1. The problem statement, all variables and given/known data

Use dimensional analysis to find a formula for the free-fall time τ of an astrophysical ball of gas. In this system, the only force is gravity, therefore the only quantities are Newton’s constant, G, and the mass and the radius of the sphere, M and R respectively.

2. Relevant equations

τ = kG$$\alpha$$M$$\beta$$R$$\gamma$$

where τ is a dimensionless constant.

3. The attempt at a solution

I am using cgs units, and want to satisfy the equation dimensionally.
on the left side we have (s) obviously, and on the right side I have (cm3g-1s-2)$$\alpha$$(g)$$\beta$$(cm)$$\gamma$$

Rearranging I found easily that $$\alpha$$ = -1/2, $$\beta$$ = -1/2 and $$\gamma$$ = -3/2

Unless I am missing something, that's the answer, but it doesn't look right to me. Can anyone confirm this?
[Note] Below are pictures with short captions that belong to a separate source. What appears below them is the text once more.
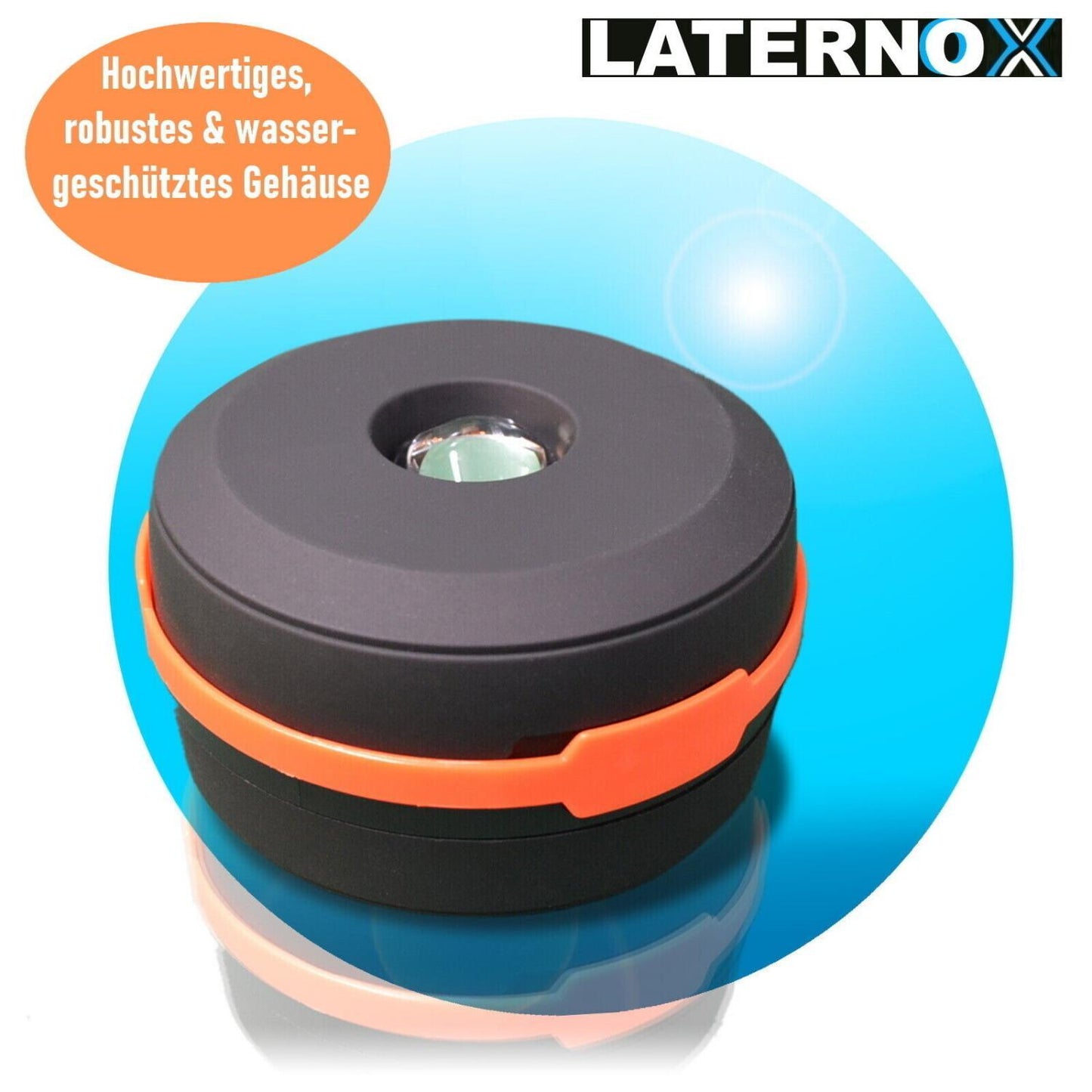 LATERNOX LED Camping Laterne Batterie Tischlampe Hängelampe Zeltlampe wetterfest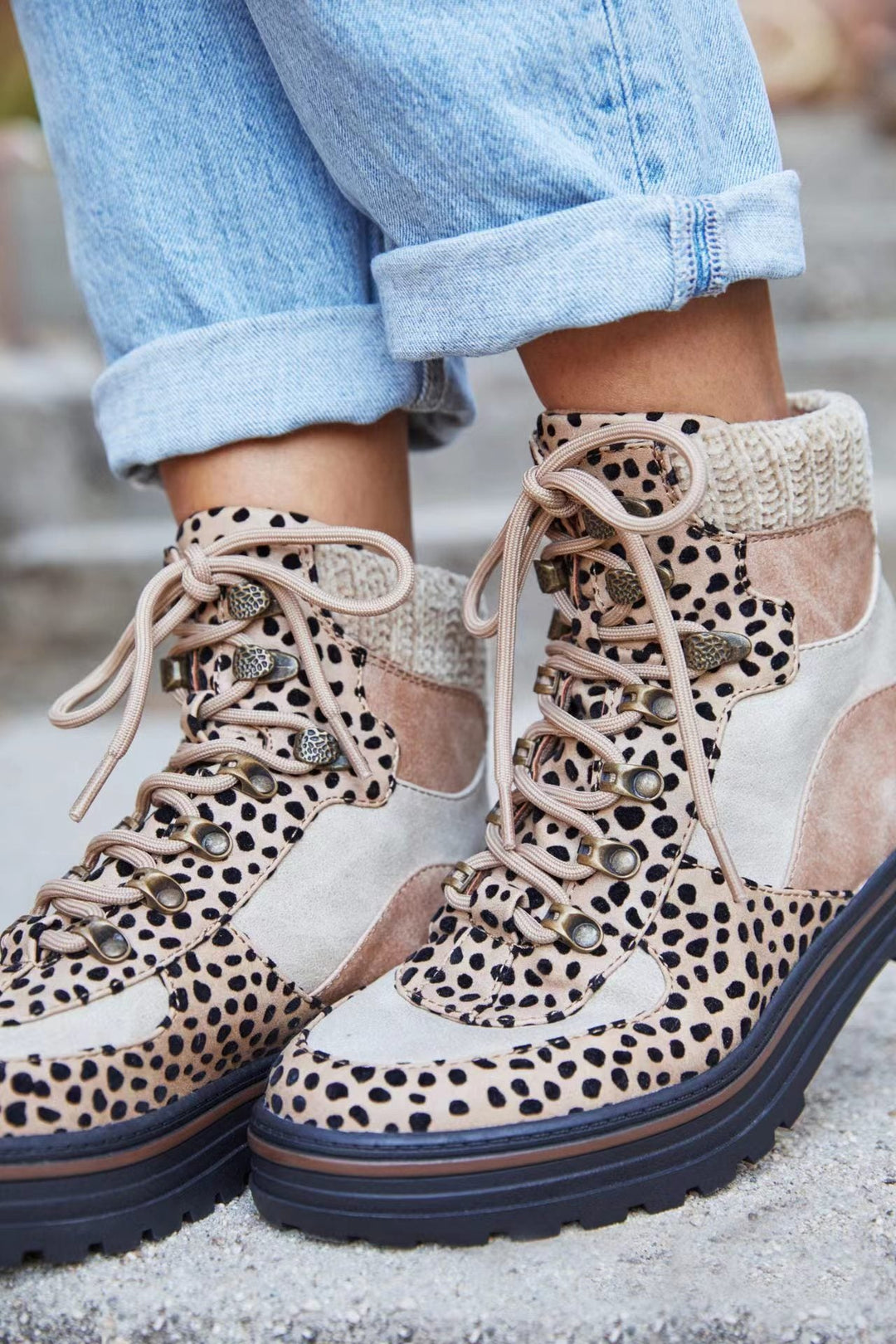 Leoparden-Stiefeletten für Damen | Herbst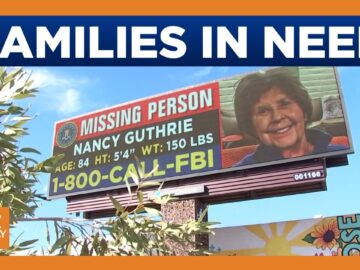 Guthrie family makes donation to help find missing children nationwide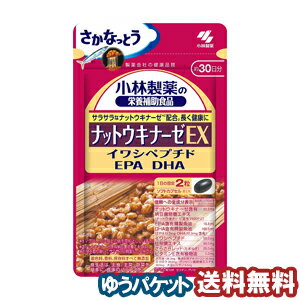 小林製薬 ナットウキナーゼEX 60粒（約30日分） メール便送料無料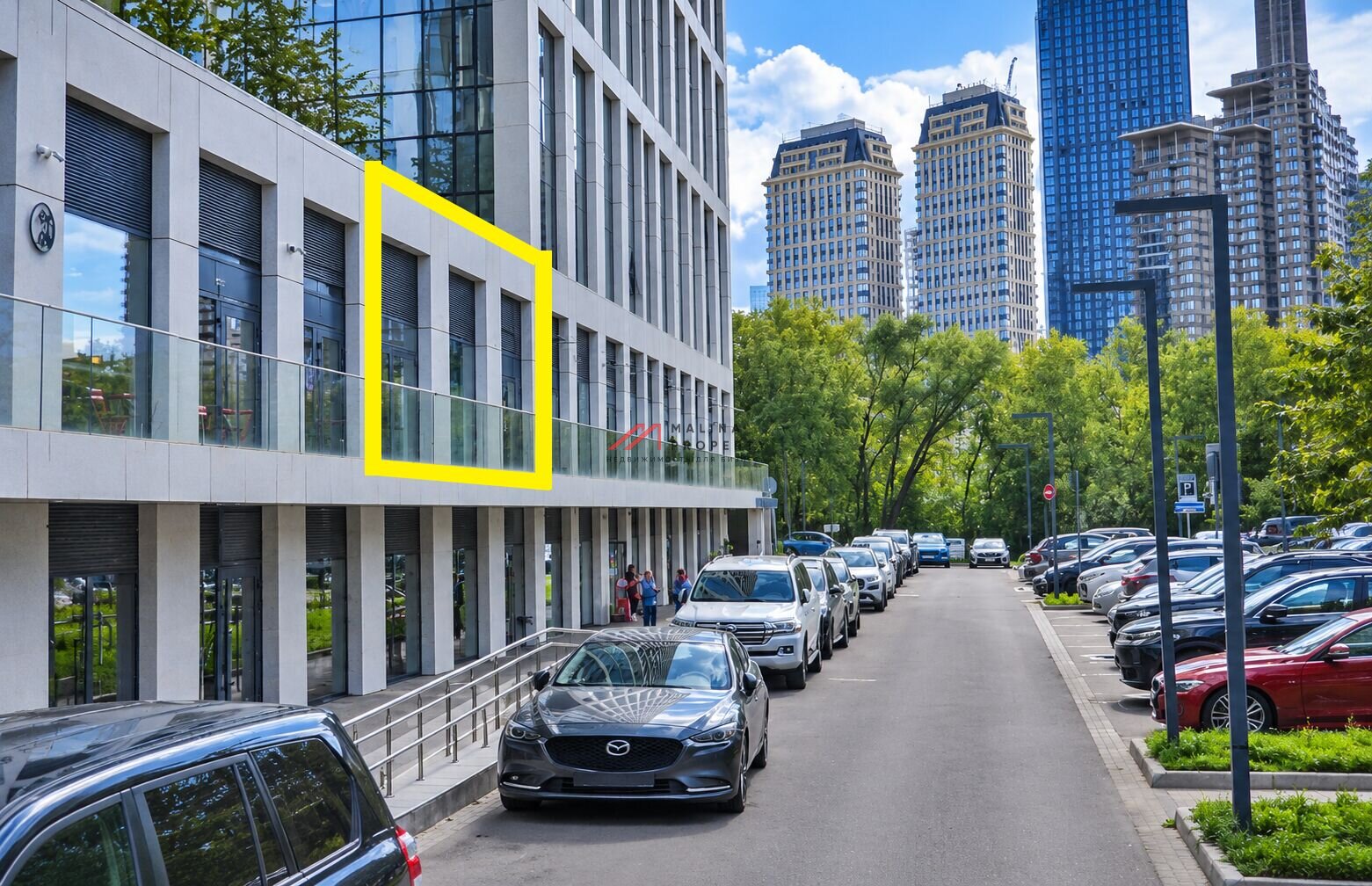 Продажа торгового помещения в ЖК "Небо" 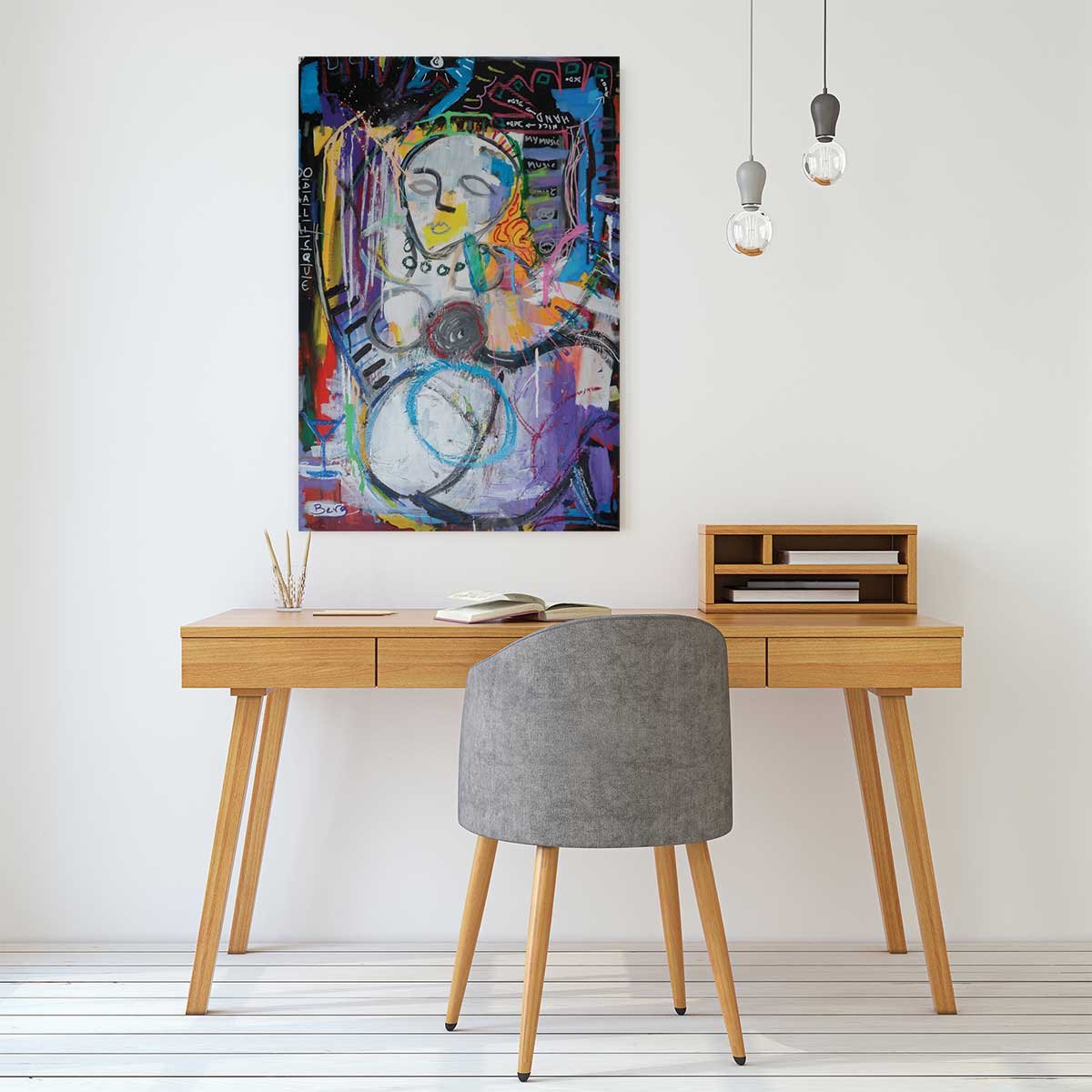 Tableau abstraite odalisque tableau alu dibond, HEXOA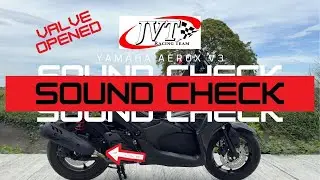 Aerox V3 JVT V3 Exhaust Sound Test | Valve Wide Open!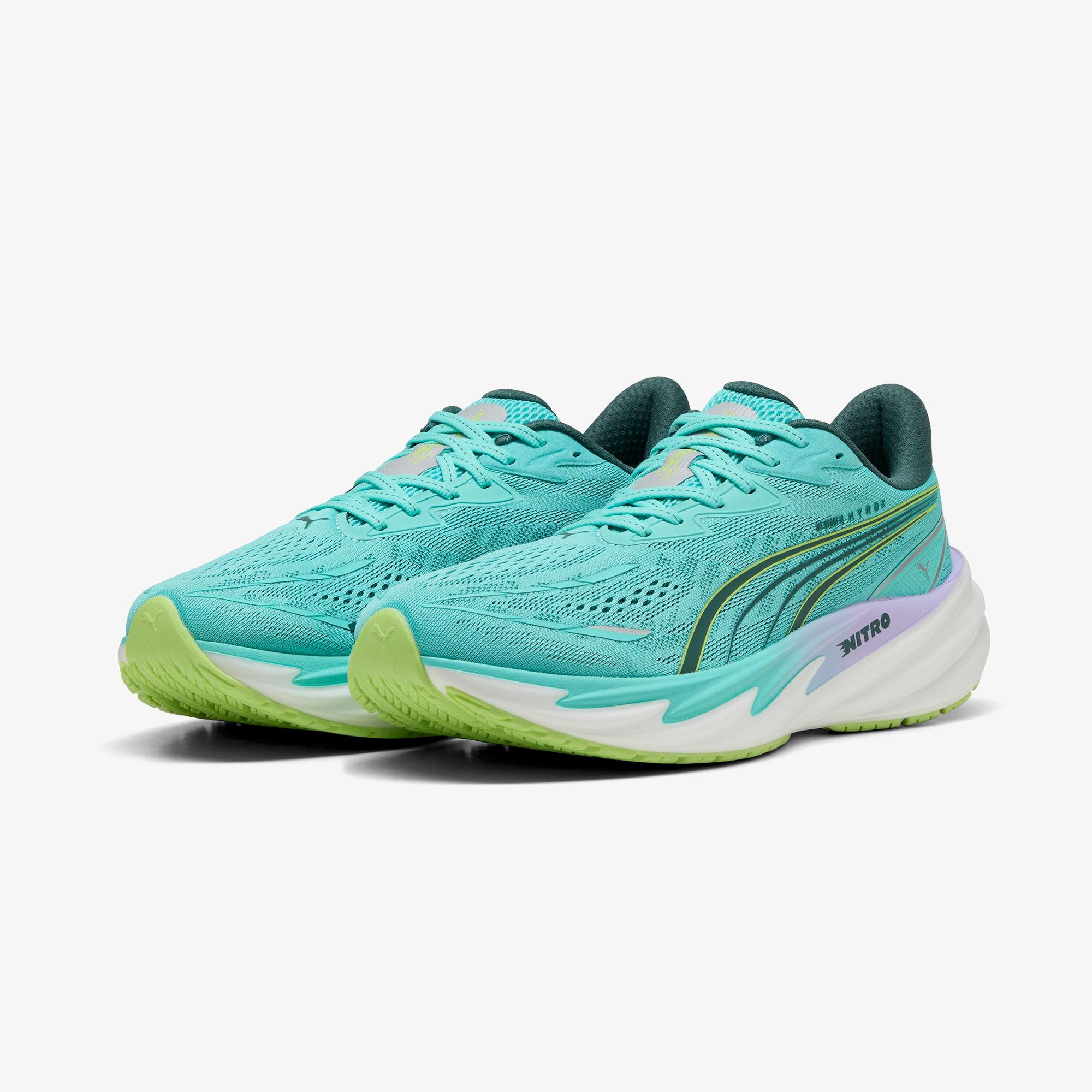 Puma Hyrox Velocıty Nitro 5 Erkek Yeşil Spor Ayakkabı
Also, I had a question regarding sig figs of fundamental constants. If I am asked to use physical constants to 3 significant digits - and my high-end physics text book tells me a constant like Planck's constant is 6.6260693 x 10-34, will I use 6.62, or round up to 6.63 for 3 significant digits. Thanks for the hasty reply,

CaptainEvil

2. Sep 10, 2009

### kuruman

Your answer is OK. To convince yourself, square both sides of your equation, take the ratio R3/T2 and compare against Kepler's Third Law.

6.626 is closer to 6.630 than to 6.620. Round up.